If the proposals for HPMAs are enacted unamended, they will close ten per cent of Scotland’s territorial waters to all economic activity, without even exemptions for artisanal fishing by locals built into the Blue Belt, the UK’s network of protected marine zones in the Overseas Territories. There are even suggestions swimming might be banned.
What both these policies have in common is they are very popular with the Scottish Greens, upon whom the SNP relies for its overall majority in Holyrood thanks to a woefully-negotiated agreement which doesn’t even oblige the smaller party to take collective responsibility for things it doesn’t like.
It isn’t obvious that the Nationalists really need this pact; the Greens have tended to serve as loyal separatist foederati most of the time anyway, and it isn’t as if there’s a bold legislative agenda to deliver.
But Yousaf made a big deal of the alliance during the leadership election (the Greens threatened to pull out of it were Kate Forbes elected), and now seems to be letting the tail wag the dog, to mounting dissatisfaction in his own ranks.
We of course don’t yet know how the police investigation into the SNP’s finances will conclude. Yet even if the criminal element comes to nothing, it is clearly in dire straits, with Beattie warning that it “having difficulty in balancing the books due to the reduction in membership and donors” and that: “We need to find money to keep the party going forward or we’ll keep cutting our tail until there’s nothing left.”
Without that, the First Minister faced an extremely challenging task.
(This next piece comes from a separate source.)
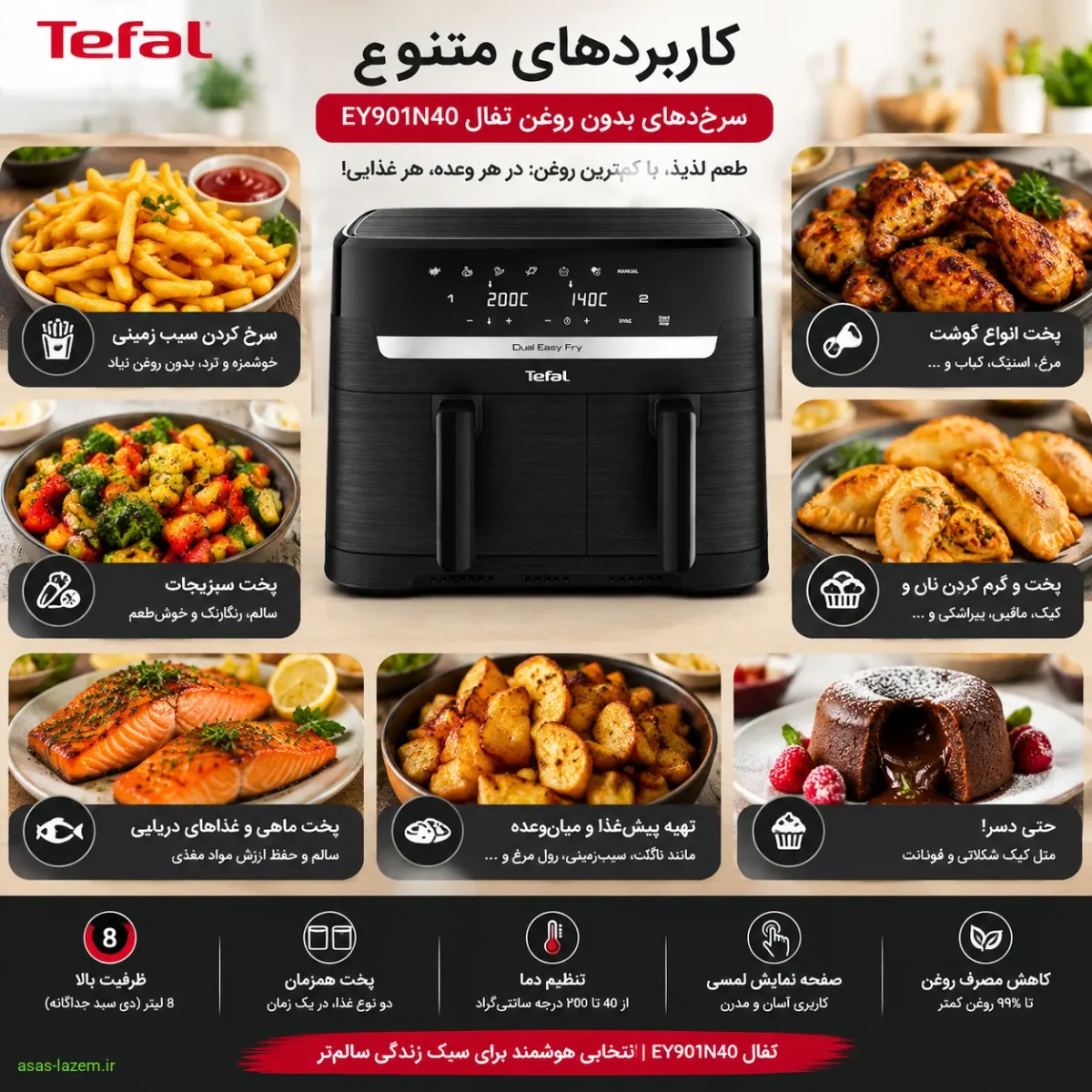 کاربردهای متنوع سرخ کن بدون روغن تفال EY901N40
His own party, never mind his Frankenstein government, not only has a poor record on domestic governance but precious little internal agreement on a whole range of policy issues.
The two things which papered over this were imperial leadership from the party hierarchy and the overweening imperative of delivering independence.
But Yousaf does not have Sturgeon’s charisma or authority, and the Murrellite party machine which might have supported him is falling apart in real time.
Meanwhile he no more has a realistic path forwards to a second referendum than she did, and the disaffection amongst the grassroots is apparent. Even after losing tens of thousands of members, tens of thousands more could not be bothered to cast their ballots to choose the first minister; that the party now seems in dire financial straits says nothing good about donor confidence either.
This is not grounds for complacency on the part of the SNP’s unionist opponents; hoping a run of defeats would see the separatist problem simply go away is how the Thatcher Government managed to squander the constitutional annus mirabilis of 1979.
Having spent long years forlornly pointing out that the emperor had no clothes and watching Scottish voters elect him best-dressed sovereign regardless, they need to recognise that the game has changed and seize the initiative. The time for action is now.